Ce n’est pas fini de cette expo foisonnante. Il reste encore quelques surprises de taille. Pour cela, il faudra passer par Tom Sachs et sa dérisoire maquette volontairement bricolée d’une fusée interstellaire. Aussi par Matthew Day Jackson qui réalise une parfaite mise en abyme en installant une expo personnelle dans l’expo elle-même , une sculpture animale hybride de Marguerite Humeau ; un arc-en-ciel symbolique en hommage à un ado abattu par un agent de sécurité avant d’aboutir à cette étonnante sculpture tout en fils blancs entrelacés reprenant l’intérieur d’un « Ventre » doté d’une bouche qui ingère un aliment et d’un anus qui expulse ses excréments. En quelque sorte une réplique fragile et immobile de la ‘machine à caca’ de Wim Delvoye, proposée par David Altmejd.
Voici maintenant les six colosses réalisés par ce même David. Conçus avec des matériaux spécifiques et une esthétique adaptée, ils représentent la médecine, l’architecture, la chasse, l’exploitation minière, l’astronomie, la philosophie. Ce qui suit est contraste déconcertant puisque l’œuvre de Tjaerandsen fige un personnage frileusement installé dans sa petite bulle personnelle.

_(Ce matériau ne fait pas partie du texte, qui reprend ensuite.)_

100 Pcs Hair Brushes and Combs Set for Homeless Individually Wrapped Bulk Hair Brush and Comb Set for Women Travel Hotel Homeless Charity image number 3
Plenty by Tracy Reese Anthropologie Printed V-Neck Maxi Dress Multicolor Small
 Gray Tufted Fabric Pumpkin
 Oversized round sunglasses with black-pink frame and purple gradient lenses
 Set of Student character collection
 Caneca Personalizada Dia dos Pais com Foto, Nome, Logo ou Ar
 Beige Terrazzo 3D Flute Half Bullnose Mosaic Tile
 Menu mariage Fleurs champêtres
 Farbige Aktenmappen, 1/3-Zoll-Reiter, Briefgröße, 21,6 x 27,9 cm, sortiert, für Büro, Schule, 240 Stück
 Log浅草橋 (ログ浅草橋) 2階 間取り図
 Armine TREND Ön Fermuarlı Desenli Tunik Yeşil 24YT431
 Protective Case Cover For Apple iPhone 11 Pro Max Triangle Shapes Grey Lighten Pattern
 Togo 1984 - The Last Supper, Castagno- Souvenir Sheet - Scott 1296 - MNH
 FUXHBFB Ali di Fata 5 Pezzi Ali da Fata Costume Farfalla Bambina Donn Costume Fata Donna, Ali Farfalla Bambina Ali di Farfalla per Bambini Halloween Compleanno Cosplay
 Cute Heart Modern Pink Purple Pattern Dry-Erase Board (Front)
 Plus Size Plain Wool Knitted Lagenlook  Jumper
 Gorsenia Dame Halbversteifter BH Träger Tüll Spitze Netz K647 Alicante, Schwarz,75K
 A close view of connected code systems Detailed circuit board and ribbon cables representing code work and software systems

C’est le moment de s’asseoir et de se laisser envouter par les images éclatantes d’une vidéo panoramique tourné et monté par un collectif (Arzamassova, Evzovich, Fridkees, Svyatsky). Dans un rythme lent, doux défilent des scènes teintées d’un érotisme latent, d’une sensualité permanente qui, parfois, semblent avoir une atmosphère proche des tableaux de Paul Delvaux. La richesse visuelle des coloris, la luminosité féérique emporte délicatement vers un rêve éveillé inoubliable.
Il ne reste plus qu’à retrouver la fresque de Derrick Adams. Sur fond arc-en-ciel, la silhouette d’un homme dont une partie du visage est occultée par une sucette géante, imagerie monumentale de la façon dont la publicité impose les achats à faire et les conduites à tenir. Petit rappel aussi de l’étoile de Handforth, halte momentanée devant le « Changing Mirror Wall » de Jeppe Hein, le temps de laisser notre reflet de visiteur vibrer, se déformer, nous contraignant à nous voir différent et à nous souvenir qu’autour de nous tout est susceptible d’être soudain incontrôlable. Emprunter un ultime couloir où Ali Banisadr a peint un triptyque conçu comme un tohu-bohu visuel, agité, violent, baroque, déferlant. Le monde reste dangereux aussi, la guerre collective ou l’agressivité individuelle sont loin d’avoir disparu malgré les progrès scientifiques, malgré les utopies espérées.
Michel Voiturier
Au Tri postal, avenue Willy Brandt à Lille jusqu’au 14 janvier. Production Lille3000
Infos : +33 3 20 14 47 60 ou https://auboutdemesreves-lille3000.com
Catalogue : « Au bout de mes rêves », Collection Vanhaerents, Lille, Tri Postal, 2023, 64 p.